Las leyes, en cambio, se establecen antes de su aplicación y no necesitan ser estéticas, sino justas. Y, en consecuencia, la obligatoriedad de su cumplimiento no es tributaria, en este caso concreto, de una previa diferencia entre dos categorías de símbolos de exaltación franquista, unos "ilegales (sin más)" y otros "ilegales (pero estéticos)". De ese modo se pervierte la ley (como era moneda corriente en la aplicación de la jurisdicción militar durante la represión de antaño), tal manera que a la efigie de Franco (delictiva) le alcanza la misma impunidad que al referente histórico, pero esto difícilmente podrá ser admitido desde una perspectiva democrática por mucho tiempo que pase. Como diría un castizo, "lo que faltaba por ver es que, después de haber aguantado a Franco como dictador en vida, ahora hubiera que seguir aguantándolo en efigie por guapo".

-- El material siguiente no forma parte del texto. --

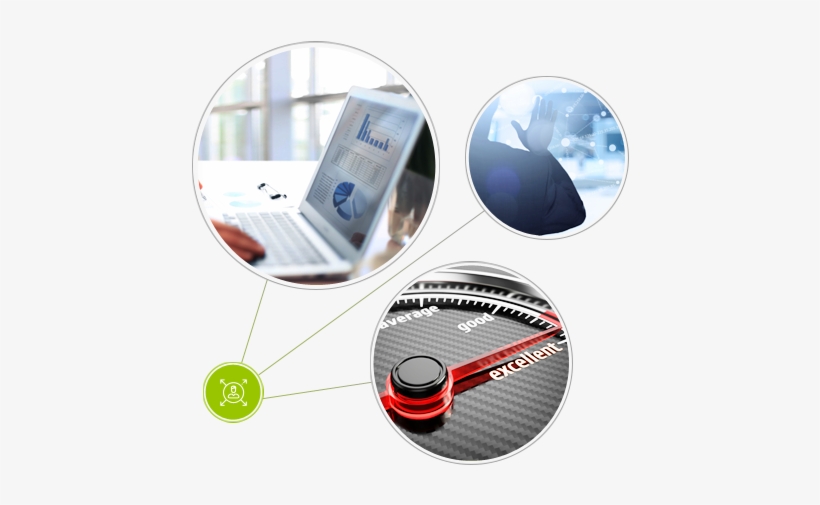 Marketing Technologies Background - Label, transparent png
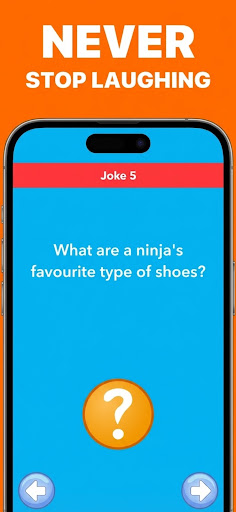 Funny Jokes And Riddles Screenshot 4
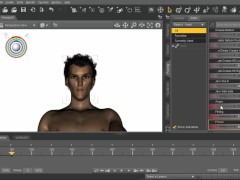 HOW TO ANIMATE A BLOW JOB WITH 3D ANIMATION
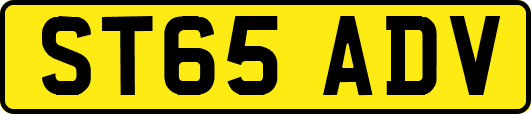 ST65ADV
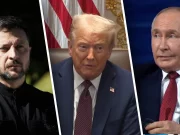 Trumpův plán a Putinovo tajemství, které se dostalo na veřejnost. Co bude s Ukrajinou?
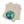 Cute Earth Graphic Tee - Soft Cotton Day - Dipaliz - T-shirts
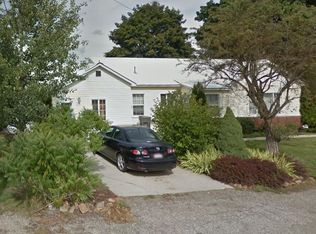 129 E Jackson Ave, Priest River, ID 83856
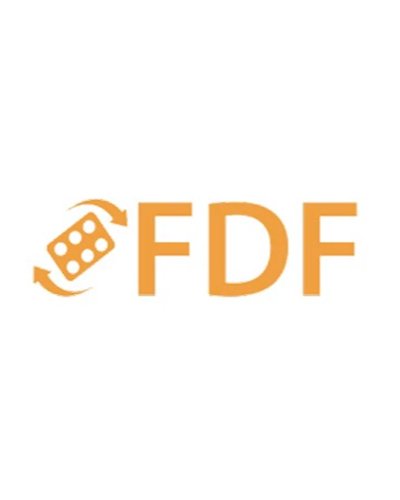 FDF China 2020 Zipevent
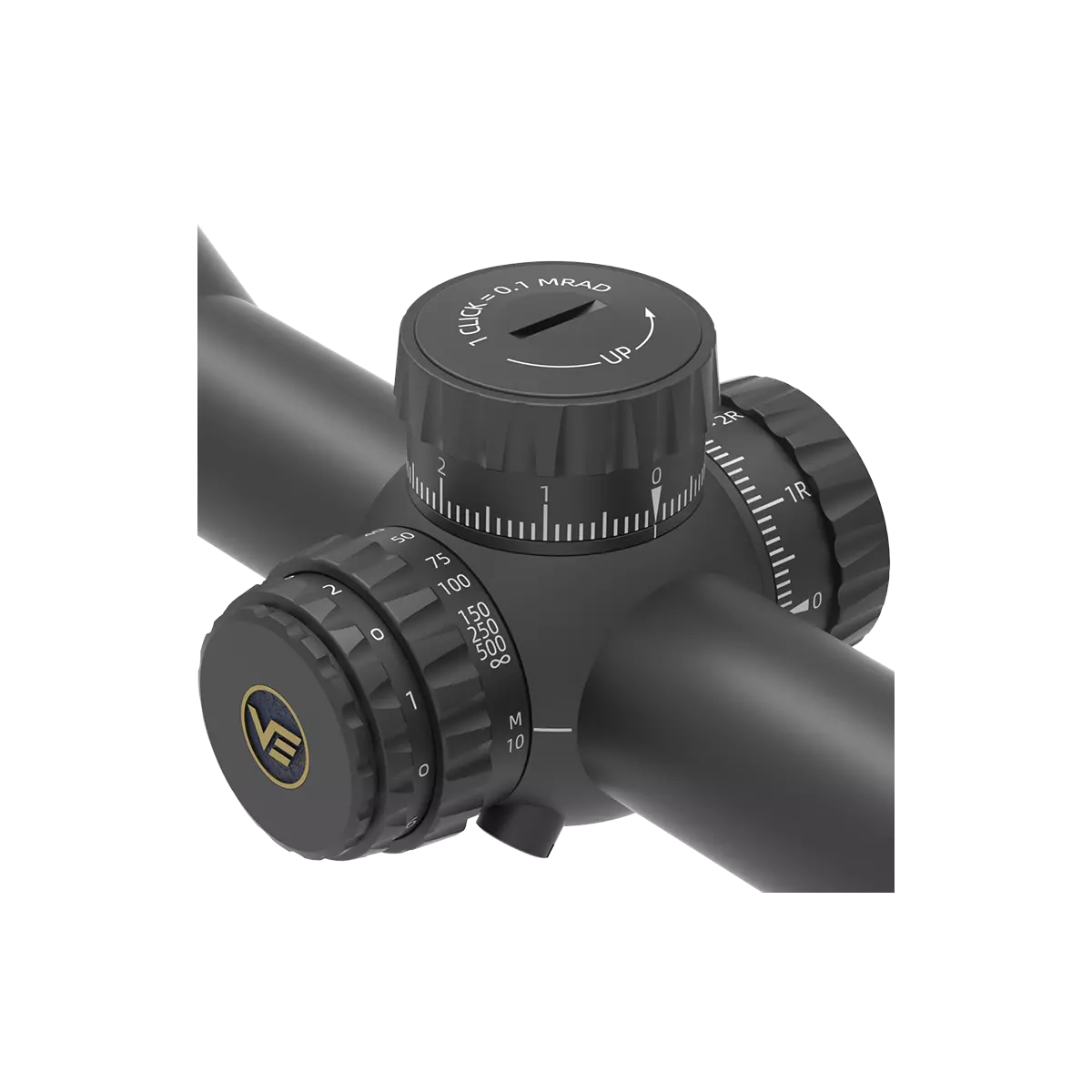 Vector Optics Tauron 3-18x50 GenII διοπτρα 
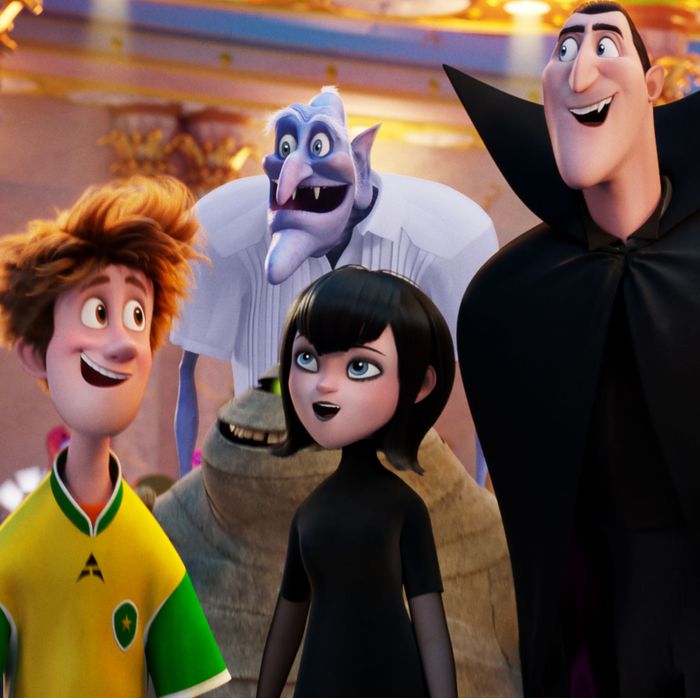 hotel transylvania end credits Madagascar credits end - Book Hotels Now 35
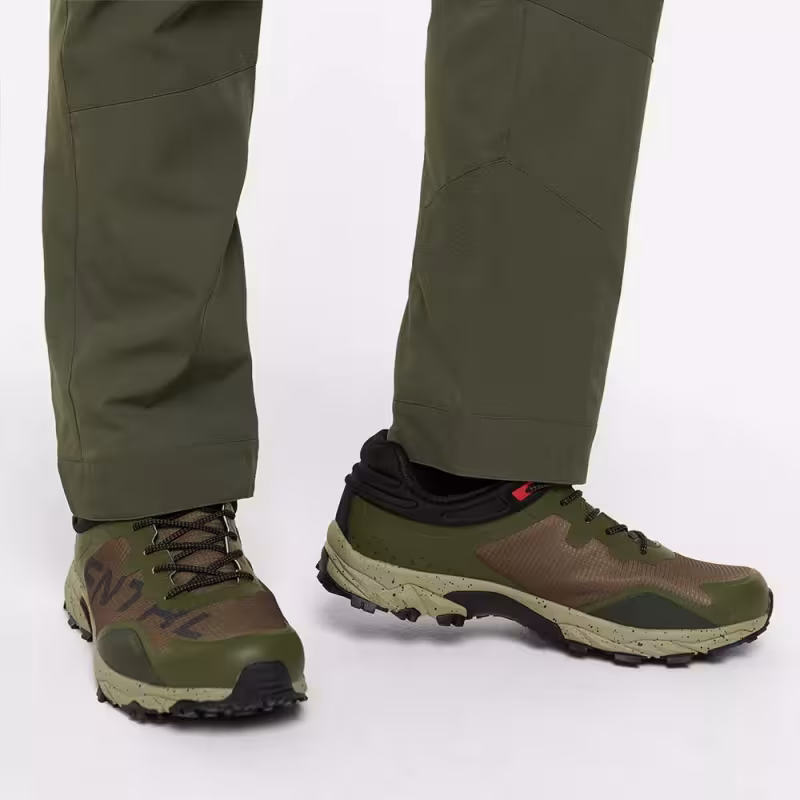 Кроссовки Finntrail Outdoor 5178, хаки, размер 44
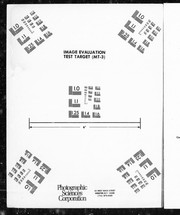 Resolutions of the Legislature of Massachusetts in relation to the northeastern boundary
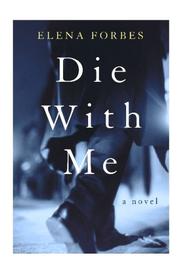 Cover of: Die with me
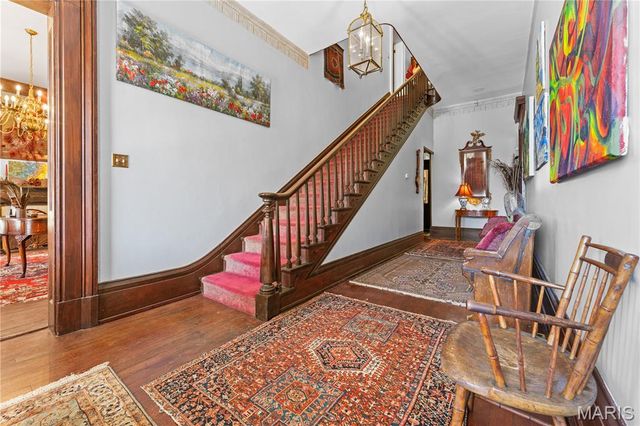 405 N 3rd Street, Louisiana, MO 63353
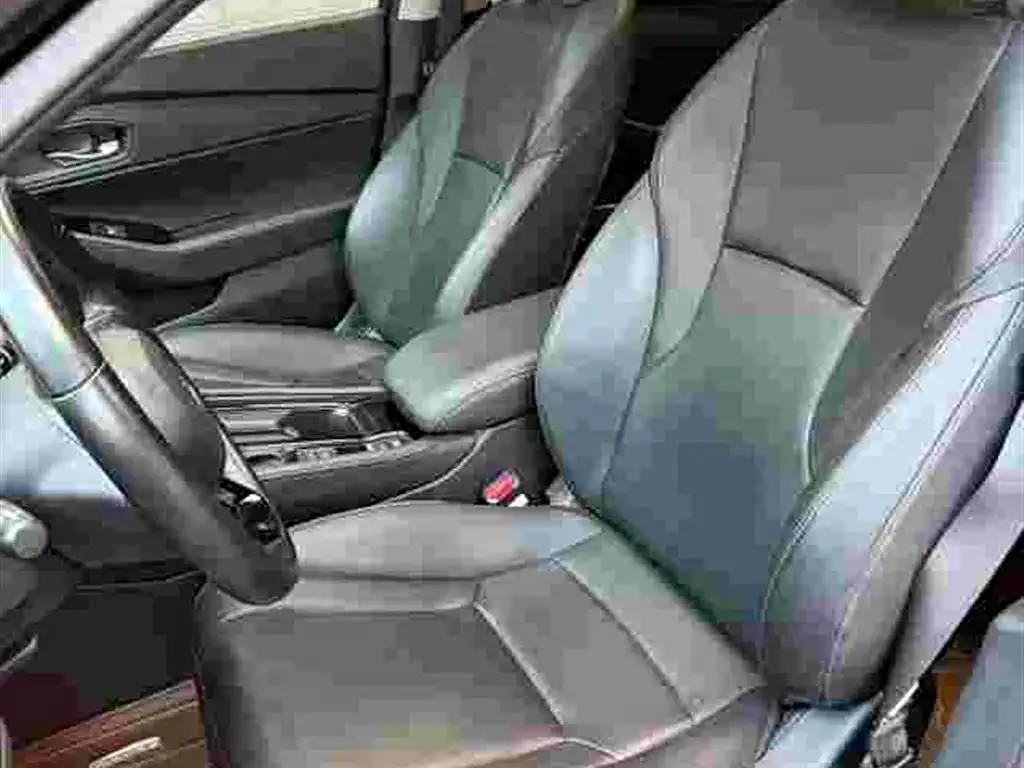 Honda Inspire — фото 2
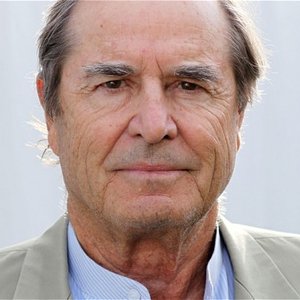 Avatar for Paul Theroux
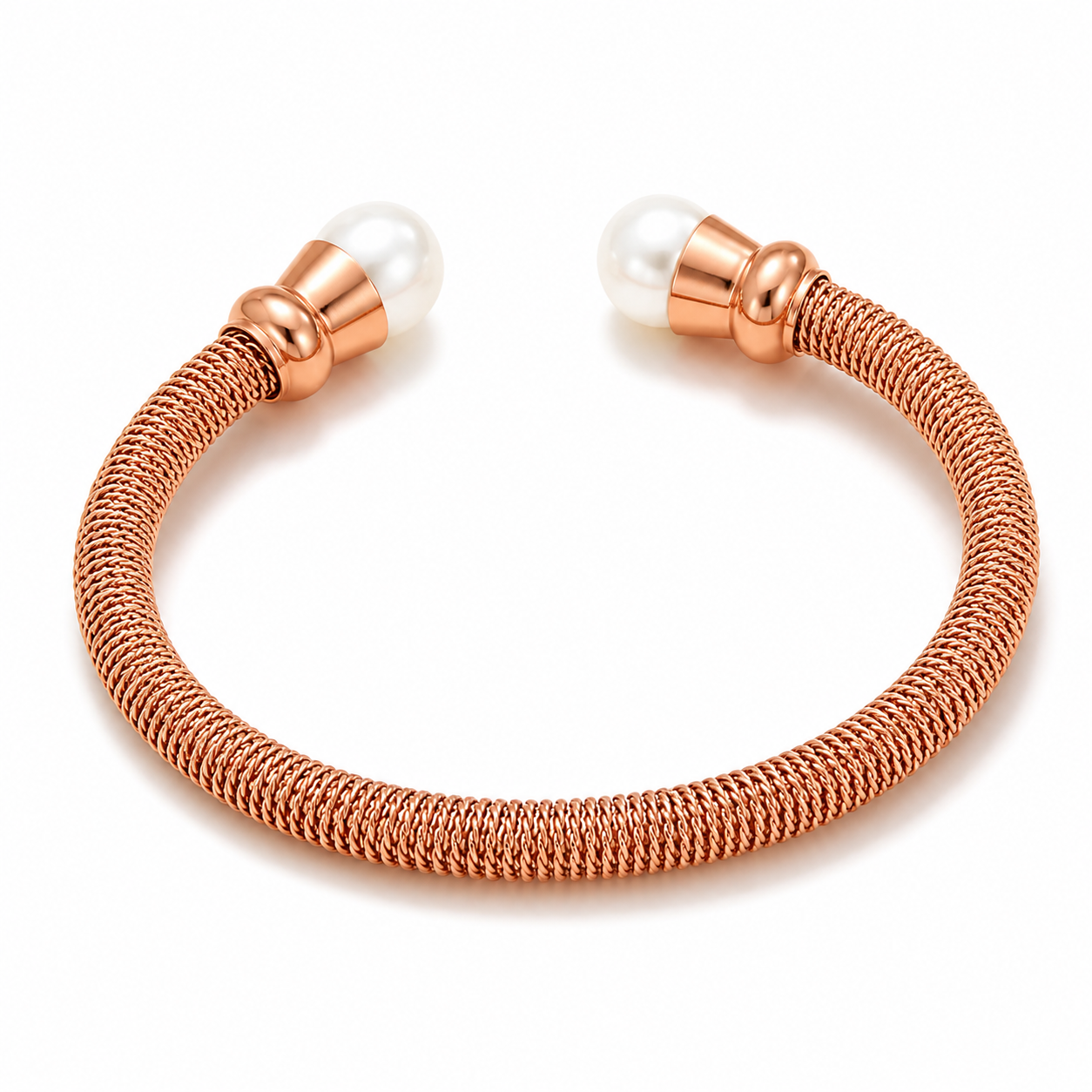 Pulsera Perla Elegante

A lo largo de la Historia, el arte ha estado al servicio de la propaganda política y religiosa, que, por añadidura, se ha encargado de cortarle a los adversarios un traje a la medida, mediante cronistas pagados para ello por quienes han ostentado el poder. En ese sentido, Franco tenía excelentes malos ejemplos, sin salir de España, y no se privó de seguirlos, pero ¿qué principios morales, históricos e incluso estéticos existen para exhibir una figura como la suya y, sobre todo, para que los españoles de hoy la toleren y sufran? El medallón de Franco, en concreto, para quienes transitan por la Plaza de Mayor de Salamanca es un producto que, en el mejor de los casos, resulta más extraño que estético. Quizá las personas mayores verán la efigie de un señor que aparecía en "las antiguas pesetas" como "Caudillo por la gracia de Dios" (¡!), pero aquí muy mejorada la exigua figura del referente, con el cuello estirado y algo de pelo, con aires de emperador romano. Los entendidos en historia se fijarán en el carácter anacrónico de este personaje, un intruso en la serie de los reyes del siglo XVIII. Pero, a la espera de la valoración efectuada por el profesor Casaseca, en el plano estético todo parece indicar que, si algún valor tiene, éste le viene del espacio que usurpa desde 1937. Y en definitiva, dado que esa figura tuviera esa condición artística o histórica que algunos le atribuyen, lo humana y políticamente correcto es retirar ese medallón y ponerlo en algún museo u otro local adecuado, como el Centro de la Memoria Histórica. Porque, concluíamos en la aludida carta, allí donde está, además de una injuria permanente para las víctimas franquistas y para cualquier demócrata, "más que un adorno es un borrón en el panorama artístico y cultural de Salamanca, adonde acuden numerosos turistas, científicos extranjeros de diversas disciplinas y jóvenes foráneos estudiosos de la lengua española y el arte salmantino".